With Barry Bonds being convicted of obstruction of justice this past week and prosecutors debating whether or not to retry him on three other charges, steroids in baseball are back in the news. One of the areas where the issue of steroids is still having its greatest effect right now is with the Baseball Hall of Fame.
Many players have already failed to receive enough votes for induction because they confessed to steroids or were accused of it in the Mitchell Report. In the case of Jeff Bagwell, he had the bad luck to hit well during that era without any conclusive proof emerging that he did or didn’t take steroids.
Anyhow, a lot of the writers who vote on the Hall of Fame refuse to vote for these players because of their belief that it would set a bad example to kids and that the Hall of Fame is for moral players only. Given that Ty Cobb probably couldn’t last five minutes on this campus today before being booted for some horrible racist act, I’m rather skeptical that this is true. Moreover, this moral stand is probably one of the reasons why the entire 2010 Baseball Hall of Fame class consisted solely of Andre Dawson.
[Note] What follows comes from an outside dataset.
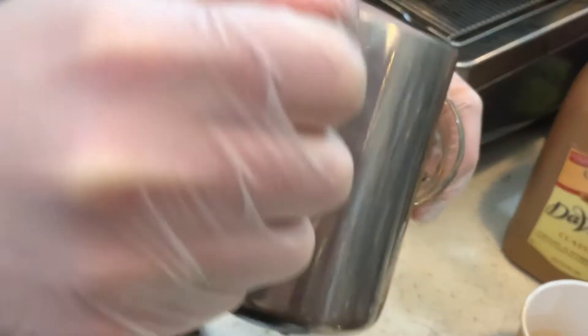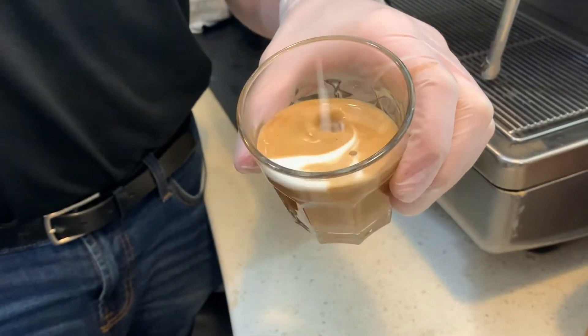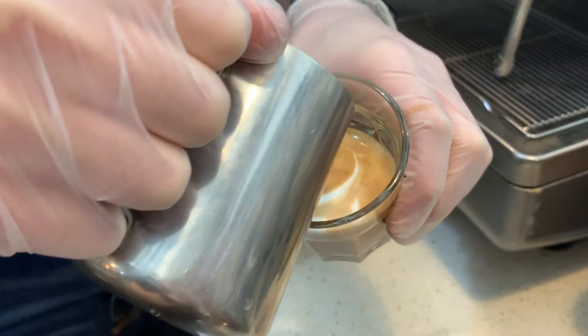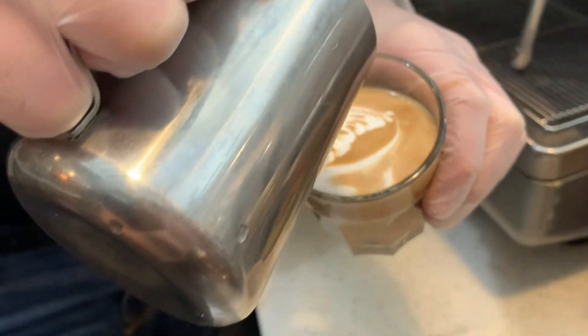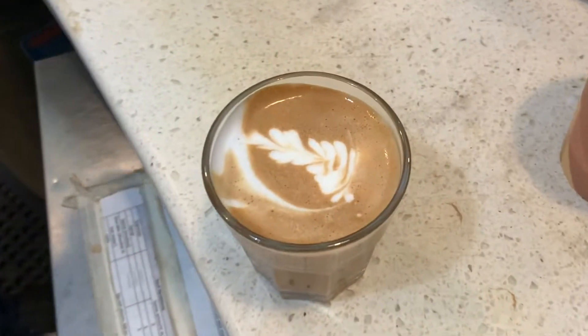When you start pouring, you want to start high so that the steamed milk can dip below the espresso. As the glass is about halfway full, you start slowing your pour down and bring the milk closer to the cup so that the froth can sit at the top of the espresso. That's where the flavors mix really well.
By contrast, the Hockey Hall of Fame inducted four members last year including one NHL player and one women’s Olympic hockey great, the Basketball Hall of Fame inducted ten new members, including four NBA players alone and the Pro Football Hall of Fame inducted seven different players. Since Induction Weekend is Cooperstown’s biggest weekend and counting on tens of thousands of Cubs and Expos fans to make their way to Central New York isn’t exactly the greatest way to pay the bills, something needs to be done about this steroids dilemma.
So my suggestion is this: let the players who used steroids in. Go ahead, do it. Mark McGwire, Rafael Palmeiro, Sammy Sosa, Barry Bonds (once he becomes eligible). What the heck, let Pete Rose in too. We all know that when it comes to play alone, they deserve to be in the Hall of Fame more than some of the people who’ve already made it in.
There is, however, a catch. Do NOT let these players give speeches at their induction. Don’t even let them attend or gather all their plaques in a separate display case and make an exhibit on the Steroids Era if that makes you feel better. Why do players like Rose and McGwire want to be inducted? Because it allows them a moment in the spotlight, an opportunity to be forgiven. I suspect speaking at his induction would mean a lot more to Pete Rose than the event itself.
Many of the Baseball Hall of Fame voters want to remind us with their votes that players who took steroids violated widely popular ideals of fair play and possibly endangered their health while they were at it. I know lots of reasonable people who agree with those sentiments and lots who don’t.
But by letting these players in but not letting them speak at their own inductions, the Baseball Hall of Fame would be able to acknowledge these players’ talents and the prevalence of steroids in at least one era of the game AND be able to take a stand against something they believe nearly ruined the game. It’s not perfect but when it comes to the legacy of the Steroids Era, nothing really is.